En 2012, Waad Al-Khateab était jeune, pleine d’espoirs, étudiante. La révolution syrienne l’a amenée dans les rues, où elle a commencé à filmer, avec son téléphone, le combat contre le régime du président Bachar El-Assad. Et puis la répression, la rébellion, les attaques aériennes incessantes… Waad a continué à filmer. Pour témoigner du quotidien de ceux qui ont toujours résisté, soigné les blessés, cru en la paix. Ceux qui, comme elle et son mari médecin, Hamza, n’ont pas fui Alep.
Lorsque le film commence, en 2016, l’hôpital est bombardé : panique et course dans les couloirs… Réfugiée dans un abri, Waad (en voix off) s’adresse à sa fille, Sama, petit bout de chou aux grands yeux marron :
« … Dans quelle vie t’ai-je embarquée ? ». Elle s’adresse à nous aussi : « Nous ne pensions pas que le reste du monde permettrait ça… »
Pour Sama retourne alors en arrière, en 2012, et donne ainsi à voir la montée du conflit, et à comprendre, peu à peu, l’incompréhensible : pourquoi rester dans une ville bombardée ?
La réponse court tout au long de ce témoignage à la fois intime et universel, à travers aussi un couple de voisins et leurs quatre enfants. Parce que, « pendant longtemps, on était sûrs qu’on gagnerait » ; parce que « essayer de vivre ici normalement, c’est déjà résister au régime » ; parce que partir, c’est perdre…

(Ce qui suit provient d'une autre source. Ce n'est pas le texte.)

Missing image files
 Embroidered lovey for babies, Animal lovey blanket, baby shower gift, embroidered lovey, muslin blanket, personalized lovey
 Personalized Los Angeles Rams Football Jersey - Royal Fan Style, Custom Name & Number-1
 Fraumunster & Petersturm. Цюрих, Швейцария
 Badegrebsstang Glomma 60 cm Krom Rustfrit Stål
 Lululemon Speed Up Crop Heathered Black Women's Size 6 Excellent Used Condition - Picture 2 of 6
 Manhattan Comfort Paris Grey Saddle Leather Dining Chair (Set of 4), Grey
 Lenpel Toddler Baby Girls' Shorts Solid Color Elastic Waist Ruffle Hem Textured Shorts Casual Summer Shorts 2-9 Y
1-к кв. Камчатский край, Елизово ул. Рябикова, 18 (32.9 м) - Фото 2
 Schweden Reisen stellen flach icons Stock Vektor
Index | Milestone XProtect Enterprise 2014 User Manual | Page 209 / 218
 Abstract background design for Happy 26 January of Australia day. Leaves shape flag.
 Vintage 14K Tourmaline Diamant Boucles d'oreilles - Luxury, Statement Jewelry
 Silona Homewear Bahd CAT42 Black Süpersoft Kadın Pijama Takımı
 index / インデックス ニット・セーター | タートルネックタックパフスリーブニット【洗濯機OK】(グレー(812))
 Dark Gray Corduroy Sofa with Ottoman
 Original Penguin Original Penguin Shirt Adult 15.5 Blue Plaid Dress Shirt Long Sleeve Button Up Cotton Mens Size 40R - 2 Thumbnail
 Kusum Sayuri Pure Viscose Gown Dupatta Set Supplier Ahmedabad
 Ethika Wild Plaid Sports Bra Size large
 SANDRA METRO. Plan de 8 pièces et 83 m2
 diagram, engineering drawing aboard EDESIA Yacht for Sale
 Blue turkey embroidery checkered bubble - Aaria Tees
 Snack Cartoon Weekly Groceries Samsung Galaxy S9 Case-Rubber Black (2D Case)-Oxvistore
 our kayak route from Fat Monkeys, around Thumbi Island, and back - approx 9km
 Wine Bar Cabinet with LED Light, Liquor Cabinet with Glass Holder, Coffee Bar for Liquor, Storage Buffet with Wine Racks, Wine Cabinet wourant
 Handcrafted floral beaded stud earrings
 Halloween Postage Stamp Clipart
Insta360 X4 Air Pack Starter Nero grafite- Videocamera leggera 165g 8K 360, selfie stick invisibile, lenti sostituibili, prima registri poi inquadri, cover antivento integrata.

Et tandis que se multiplient les moments déchirants, où une mère part avec son fils mort dans les bras, refusant toute assistance ; où des corps mutilés jonchent la salle d’opération ; où deux frères couverts de poussière pleurent leur cadet qui meurt sur un brancard, Pour Sama dit à quel point le reste du monde a laissé faire… La frontalité des images est nécessaire. On sent bien que les vivre fut mille fois plus insupportable que les regarder.
Le courage de ces femmes, de ces hommes, de ces enfants, qui parviennent à rire, à fonctionner, à continuer, est l’essence de ce film indispensable, qui nous plonge dans l’enfer de Syrie. Sa force tient à sa sincérité, à sa simplicité, et à cet instinct de survie qui s’insinue partout, dans les pires moments. Juste parce qu’il le faut.
Primé partout, notamment au Festival de Cannes, où il a reçu L’Œil d’or, et à Châlons-en-Champagne, où il a été couronné du Grand Prix du Jury War on Screen, Pour Sama, entre journal intime et reportage de guerre, est un acte citoyen, un message pour la paix, et un très grand film.